Nous empruntons une allée bordée de ronces et mangée par l’herbe pernicieuse qui nous conduit à un perron vétuste. La lourde est vermoulue. La chaîne rouillée d’une cloche pend sur le côté droit. Je tire dessus en me demandant si elle ne va pas me rester dans la pogne mais elle résiste.

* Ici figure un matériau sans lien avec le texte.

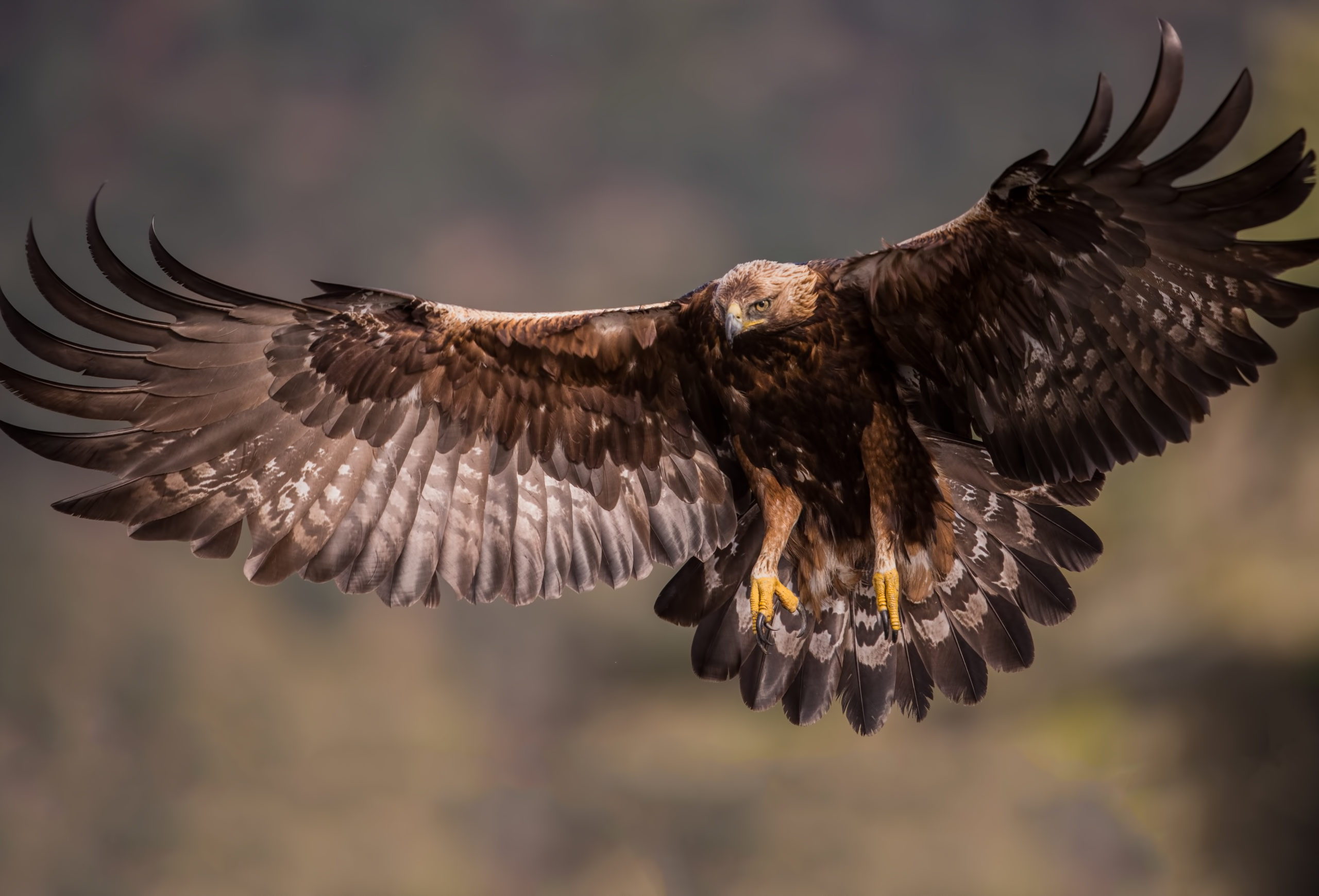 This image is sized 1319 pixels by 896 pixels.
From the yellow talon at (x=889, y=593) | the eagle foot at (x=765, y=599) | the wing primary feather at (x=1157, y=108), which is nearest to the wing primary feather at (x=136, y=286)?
the eagle foot at (x=765, y=599)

A l’intérieur de la maison, une sonnerie fêlée retentit.
Ça ressemble à un glas. Si j’étais émotif, je frissonnerais. On se croirait dans un film d’épouvante style avant-guerre. Personne ne répond à mon appel. Je secoue à nouveau la chaîne, mais un silence épais, humide, légèrement poisseux sur les bords, s’étale sur nos têtes.

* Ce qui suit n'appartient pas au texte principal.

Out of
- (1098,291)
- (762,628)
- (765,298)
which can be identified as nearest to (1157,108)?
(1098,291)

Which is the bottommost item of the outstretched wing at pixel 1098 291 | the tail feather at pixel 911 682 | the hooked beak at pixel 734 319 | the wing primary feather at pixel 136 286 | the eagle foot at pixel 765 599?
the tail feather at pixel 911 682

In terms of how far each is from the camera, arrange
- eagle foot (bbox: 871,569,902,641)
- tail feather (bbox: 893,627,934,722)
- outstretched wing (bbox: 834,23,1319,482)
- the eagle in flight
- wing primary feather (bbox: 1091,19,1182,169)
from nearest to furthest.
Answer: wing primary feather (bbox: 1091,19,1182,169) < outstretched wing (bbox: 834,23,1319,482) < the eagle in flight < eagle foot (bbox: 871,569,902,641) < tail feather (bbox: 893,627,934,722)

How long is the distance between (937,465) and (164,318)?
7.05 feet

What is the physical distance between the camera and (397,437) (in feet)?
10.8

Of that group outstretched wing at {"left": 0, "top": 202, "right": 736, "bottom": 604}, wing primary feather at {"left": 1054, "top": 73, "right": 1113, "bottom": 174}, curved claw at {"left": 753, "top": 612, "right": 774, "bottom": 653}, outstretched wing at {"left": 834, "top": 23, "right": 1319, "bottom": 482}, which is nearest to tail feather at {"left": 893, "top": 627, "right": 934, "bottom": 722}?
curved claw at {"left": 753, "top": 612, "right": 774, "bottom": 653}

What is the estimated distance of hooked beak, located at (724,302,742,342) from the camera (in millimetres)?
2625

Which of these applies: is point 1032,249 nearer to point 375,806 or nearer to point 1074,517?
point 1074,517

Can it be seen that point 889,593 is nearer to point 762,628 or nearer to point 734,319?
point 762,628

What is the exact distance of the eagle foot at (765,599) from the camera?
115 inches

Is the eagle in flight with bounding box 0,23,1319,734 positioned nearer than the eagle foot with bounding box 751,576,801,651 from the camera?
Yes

— Balpeau, traduit le Gros qui sait, mieux que Mozart, interpréter les silences.
— Cette demeure est sinistre, remarque Pinaud à qui rien n’échappe, hormis des incongruités.
Nous nous regardons tous les trois avec désarroi.
— Inscrivez pas de chance, fait Béru. Se farcir soixante bornes pour des clous, c’est vexant.
C’est bien mon avis itou. D’un geste machinal, je tourne la poignée de la lourde. Celle-ci s’ouvre sans protester. Une odeur âcre et fade se faufile dans mon pif. C’est le remugle puissant des vieilles masures.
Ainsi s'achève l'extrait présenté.